Ihr wollt Genrevielfalt, ihr bekommt Genrevielfalt. Und eine der schillerndsten Facetten des diesjährigen Vorentscheids liefern Lord of the Lost. Die Hamburger Band existiert seit 2007 und bietet bei ihren Auftritten nicht nur was für die Ohren, denn das Auge hört bekanntlich mit. Wer sich durch die Clips und Auftritte der Gruppe klickt stellt fest, dass extravagante Outfits und Inszenierungen durchaus gern gesehene Mittel sind, um die nicht minder vielschichte Musik visuell zu untermauern. Ich selbst bin kein Dark-Rock oder Metal Experte. Kenne mich auch in der Glam-Rock Szene nicht aus und doch kannte ich Lord of the Lost bereits bevor sie als Teilnehmer von „Unser Lied für Liverpool“ verkündet wurden und das, weil sie 2023 mit einem Nummer 1 Album einläuteten. Damit setzt die Band ihre erfolgreiche Karriere fort. Somit bedienen Lord of the Lost nicht nur die Rufe nach Genrevielfalt, sie setzen auch einen Hacken hinter die immer lauter werdende Bitte der Fans, endlich etablierte und erfolgreiche Acts im Vorentscheid antreten zu lassen, die Live-Erfahrung haben. Diese konnte die Band nicht nur bei Festivals wie Wacken sammeln. Im vergangen Jahr war die Band gemeinsam mit Iron Maiden auf Welttour.

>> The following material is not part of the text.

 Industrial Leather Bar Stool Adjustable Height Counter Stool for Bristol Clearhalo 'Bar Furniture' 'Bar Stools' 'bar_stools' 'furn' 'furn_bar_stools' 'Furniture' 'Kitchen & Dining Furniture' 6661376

Und obwohl Lord of the Lost auf zahlreiche Erfolge zurückblicken kann, sind sie wahnsinnig bescheiden und bodenständig. Davon durfte ich mich im Interview mit Chris Harms, dem Leadsänger der Band, überzeugen. Er verriet mir, warum er sich nicht vorstellen kann, den Vorentscheid zu gewinnen, was uns bei „Unser Lied für Liverpool“ erwartet und welche Gemeinsamkeiten Lord of the Lost mit Electirc Callboy und Lordi teilen.
Lieber Chris, danke, dass du dir die Zeit für das Interview nimmst. Ihr seid Teil des deutschen Vorentscheids „Unser Lied für Liverpool“, wie kam es dazu?
Wir haben uns in den letzten Jahren immer wieder beworben. Aber da passten wir bisher offenkundig nicht wirklich ins Konzept. Letztes Jahr waren wir sogar in der engen Auswahl, bis kurz vor der TV-Show, wurden dann aber nicht gewählt, genau wie Electric Callboy, da ein anderer Fokus für 2022 gewünscht war. Wir haben diese Absage aber nicht öffentlich gemacht, weil es dazu keinen Grund gab. Sowas führt nur zu Unzufriedenheit und Gemecker, davon gibt es im Netz bereits genug, so etwas möchten wir nicht grundlos füttern. Deshalb dachten wir einfach nur leise „Schade, dann ein anderes Mal“, und haben uns wieder in unsere Arbeit gestürzt.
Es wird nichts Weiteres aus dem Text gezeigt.